EXERCISE BRIEF >>
In the records below, find the line that contains "昆明熟普洱茶价格及市场行情分析，了解每斤茶叶的具体售价" and the line that contains "Вакансии менеджер продаж", then retype exactly those two lines and every line between them.

ENTRIES SUPPLIED >>
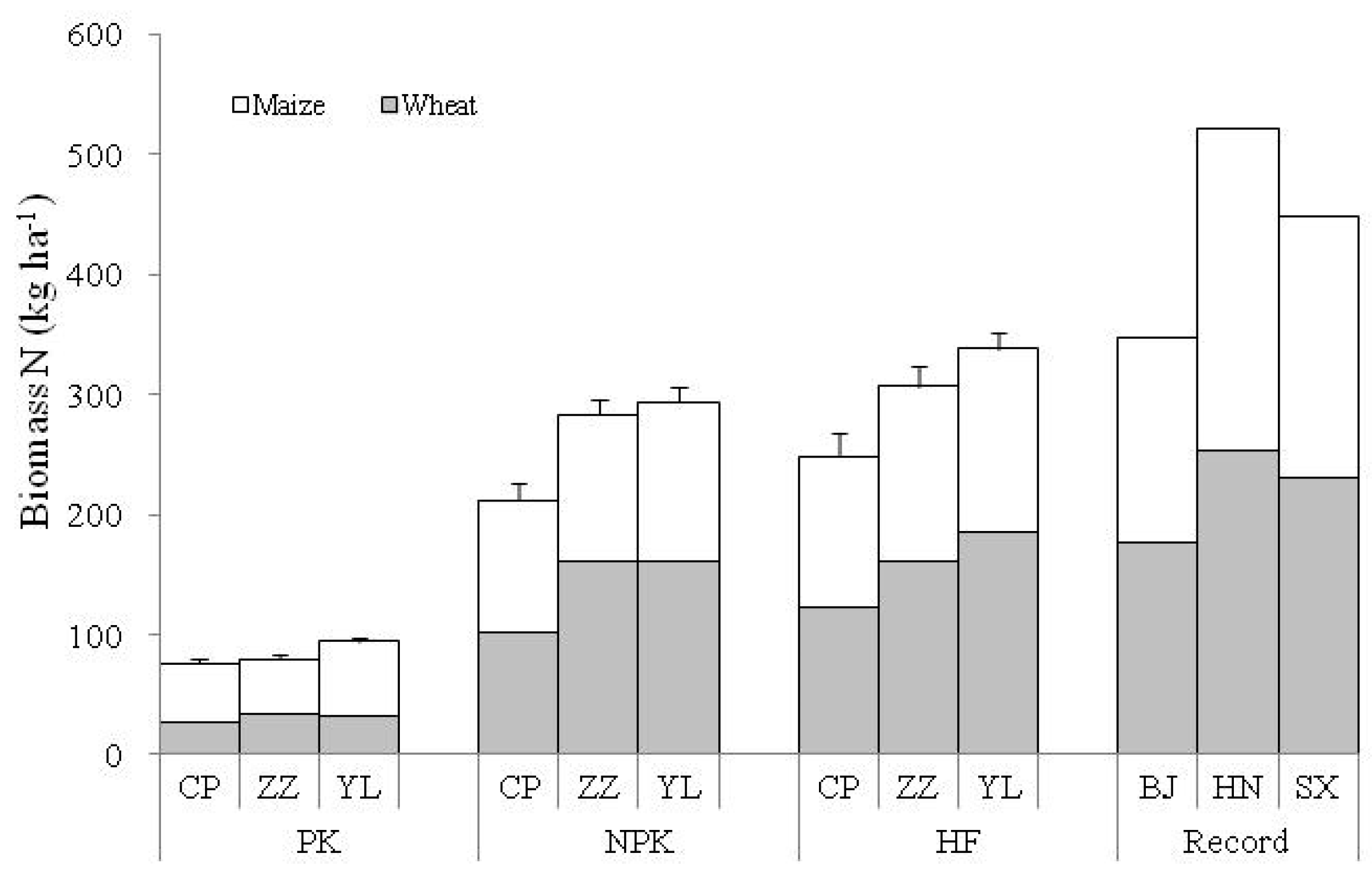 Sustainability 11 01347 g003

--

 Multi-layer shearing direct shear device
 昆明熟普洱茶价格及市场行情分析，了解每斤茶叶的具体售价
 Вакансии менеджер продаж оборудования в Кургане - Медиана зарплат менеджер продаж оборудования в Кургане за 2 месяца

SOLVED PROBLEM >>
 昆明熟普洱茶价格及市场行情分析，了解每斤茶叶的具体售价
 Вакансии менеджер продаж оборудования в Кургане - Медиана зарплат менеджер продаж оборудования в Кургане за 2 месяца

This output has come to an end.